Evoor is a village by the side of NH47 near Haripad in Karthikappally taluk Alappuzha district.

Location
Almost midway between Thiruvananthapuram and Kochi, it is 40 Kilometers south of Alappuzha in the Onattukara area next to Cheppad railway station. The area is geographically divided into North, South and East. Evoor is bound by Ramapuram on the west, Cheppad on the north, Pathiyoor on the south and the wetland Puncha on the East.

Transportation
Kayamkulam -Ernakulam coastal railway line passes through the entire length of the village.

Climate
The climate is tropical wet with heavy rains during the monsoons. The topography of the land is plain with white sea sand like earth that lacks nutrients.

Woven mats of the area made of "thazha" were once famous.

Places of Worship
It is famous for the ancient Sri Krishnaswamy temple the ten-day annual festival of which attracts large number of devotees. Around this temple are settled exotic clans who attend to different daily rituals of the temple like cleaning, playing musical drums, conch blowing, garland making, sandal paste making and conducting poojas. There is a Christian Church called the St Marys Orthodox Church located in Evoor South .

Celebrities

Eminent persons of the locality include famous Thullal artist Evoor Damodaran Nair, novelist Evoor C. K, noted poet Evoor Parameswaran and senior civil servants like Shri.

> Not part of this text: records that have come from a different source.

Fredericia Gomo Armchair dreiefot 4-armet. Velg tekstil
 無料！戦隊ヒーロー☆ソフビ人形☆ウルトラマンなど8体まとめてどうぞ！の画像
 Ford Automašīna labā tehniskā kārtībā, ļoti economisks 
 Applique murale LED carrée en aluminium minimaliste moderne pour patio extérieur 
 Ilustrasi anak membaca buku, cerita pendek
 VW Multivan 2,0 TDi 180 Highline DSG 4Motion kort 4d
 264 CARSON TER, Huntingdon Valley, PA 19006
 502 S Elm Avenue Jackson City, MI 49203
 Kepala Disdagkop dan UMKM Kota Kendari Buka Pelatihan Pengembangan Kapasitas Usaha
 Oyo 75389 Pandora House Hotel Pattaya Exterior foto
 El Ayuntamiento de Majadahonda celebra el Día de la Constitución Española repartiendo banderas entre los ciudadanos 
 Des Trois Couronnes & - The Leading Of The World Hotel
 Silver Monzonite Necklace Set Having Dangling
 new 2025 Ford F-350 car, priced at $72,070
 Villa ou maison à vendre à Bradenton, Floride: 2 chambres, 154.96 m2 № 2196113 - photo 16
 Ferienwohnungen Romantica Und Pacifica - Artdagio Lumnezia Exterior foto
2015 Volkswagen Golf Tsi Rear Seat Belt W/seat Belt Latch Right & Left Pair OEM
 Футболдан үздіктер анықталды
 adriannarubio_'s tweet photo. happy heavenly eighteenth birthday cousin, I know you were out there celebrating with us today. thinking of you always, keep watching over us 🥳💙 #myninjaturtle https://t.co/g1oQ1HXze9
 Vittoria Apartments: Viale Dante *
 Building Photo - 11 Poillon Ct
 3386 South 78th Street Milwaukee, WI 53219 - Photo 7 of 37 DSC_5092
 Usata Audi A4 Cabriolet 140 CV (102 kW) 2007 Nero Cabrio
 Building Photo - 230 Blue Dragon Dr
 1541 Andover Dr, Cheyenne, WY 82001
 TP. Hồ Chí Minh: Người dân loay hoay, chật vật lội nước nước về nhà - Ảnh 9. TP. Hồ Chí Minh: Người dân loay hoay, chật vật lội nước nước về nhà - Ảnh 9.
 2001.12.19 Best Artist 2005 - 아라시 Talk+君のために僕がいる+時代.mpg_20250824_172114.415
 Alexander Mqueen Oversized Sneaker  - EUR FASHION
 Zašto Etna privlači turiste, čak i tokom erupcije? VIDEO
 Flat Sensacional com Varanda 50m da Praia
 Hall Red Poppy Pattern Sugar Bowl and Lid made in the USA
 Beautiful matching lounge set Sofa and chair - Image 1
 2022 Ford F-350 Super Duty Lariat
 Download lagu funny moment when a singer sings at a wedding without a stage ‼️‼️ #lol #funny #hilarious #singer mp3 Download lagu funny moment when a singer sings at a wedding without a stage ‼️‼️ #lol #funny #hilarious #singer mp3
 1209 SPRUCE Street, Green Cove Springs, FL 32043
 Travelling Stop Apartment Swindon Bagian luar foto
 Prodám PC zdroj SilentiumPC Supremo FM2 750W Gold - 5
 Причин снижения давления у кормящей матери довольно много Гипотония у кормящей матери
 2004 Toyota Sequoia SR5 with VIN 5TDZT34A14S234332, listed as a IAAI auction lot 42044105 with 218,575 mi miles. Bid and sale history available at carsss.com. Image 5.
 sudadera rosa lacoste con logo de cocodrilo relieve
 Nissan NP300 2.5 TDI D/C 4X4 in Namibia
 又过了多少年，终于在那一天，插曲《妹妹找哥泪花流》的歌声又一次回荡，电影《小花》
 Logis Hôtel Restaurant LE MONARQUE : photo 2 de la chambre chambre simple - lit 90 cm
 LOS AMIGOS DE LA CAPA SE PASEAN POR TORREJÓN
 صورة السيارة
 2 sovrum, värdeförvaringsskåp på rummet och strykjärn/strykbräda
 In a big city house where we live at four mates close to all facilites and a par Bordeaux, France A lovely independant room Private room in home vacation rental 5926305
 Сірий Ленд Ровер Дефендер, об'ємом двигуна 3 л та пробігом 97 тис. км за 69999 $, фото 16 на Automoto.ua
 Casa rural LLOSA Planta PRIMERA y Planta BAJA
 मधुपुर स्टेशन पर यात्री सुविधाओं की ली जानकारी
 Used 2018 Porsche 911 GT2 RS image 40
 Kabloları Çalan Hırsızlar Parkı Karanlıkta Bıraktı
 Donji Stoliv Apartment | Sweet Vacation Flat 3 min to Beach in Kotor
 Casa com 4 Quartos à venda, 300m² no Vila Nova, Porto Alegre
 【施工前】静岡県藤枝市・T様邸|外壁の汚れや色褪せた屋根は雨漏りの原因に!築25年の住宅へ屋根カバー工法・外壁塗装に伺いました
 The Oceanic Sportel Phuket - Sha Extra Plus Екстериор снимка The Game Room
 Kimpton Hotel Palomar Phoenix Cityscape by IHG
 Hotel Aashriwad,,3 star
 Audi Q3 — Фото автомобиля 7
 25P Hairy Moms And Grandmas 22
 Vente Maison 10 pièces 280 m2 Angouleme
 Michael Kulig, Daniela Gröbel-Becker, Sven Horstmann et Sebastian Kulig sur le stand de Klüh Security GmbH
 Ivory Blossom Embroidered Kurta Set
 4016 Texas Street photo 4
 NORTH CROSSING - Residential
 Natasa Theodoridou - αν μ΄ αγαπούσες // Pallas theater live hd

Varrier of Indian Railways, Anandan of Indian Statistical Service and Mathew George of Telecom,K.K Sreedharan Pillai a freedom fighter. Evoor has excellent teams of chenda vidwans and kathakali artists who are famous across the State. The annual temple festival and the boat race at the Evoor Puncha are great social events and attract many visitors.

Schools
The only presence of Government is by way of three government run lower primary schools. Deshabandhu Vayanashala located in Evoor North had a great treasure of valuable books including compositions on palm leaves providing succor to the knowledge hungry youth of yore. With the advent of Internet Deshabandhu too like other rural libraries has become just a symbol of a rich heritage.

Economy
The social milieu of the village makes interesting patterns. The economy is basically agrarian with not much divide between the rich and the poor. Gulf money has made dents on the once accepted social hierarchy.

Demographics
Though Nairs were once the predominant class, now the Ezhavas have gained both financial and social edge. The NSS Karayogams and the SNDP Sakhas have had significant contribution in the social and cultural progress of the members of the respective communities. The Syrian Christians were always in minority and a culturally distinct group. Most of them have migrated to cities. There a few families of Tamil Brahmins around the Evoor templeഅ and at least two Nampoothiri Illams of repute in Evoor. Almost all the members of the backward and scheduled communities have progressed considerably thanks to the enlightened community leaders of the locality and the influence of progressive political outlook.

Politics
Politically the locality is predominantly left oriented.

2014 Conversion Controversy
During December 2014 the village was caught in a controversy with a few dalit Christians getting reconverted as dalit Hindus under the aegis of Vishwa Hindu Parishad. However, later it was reported that they were practicing Hindus even before re conversion.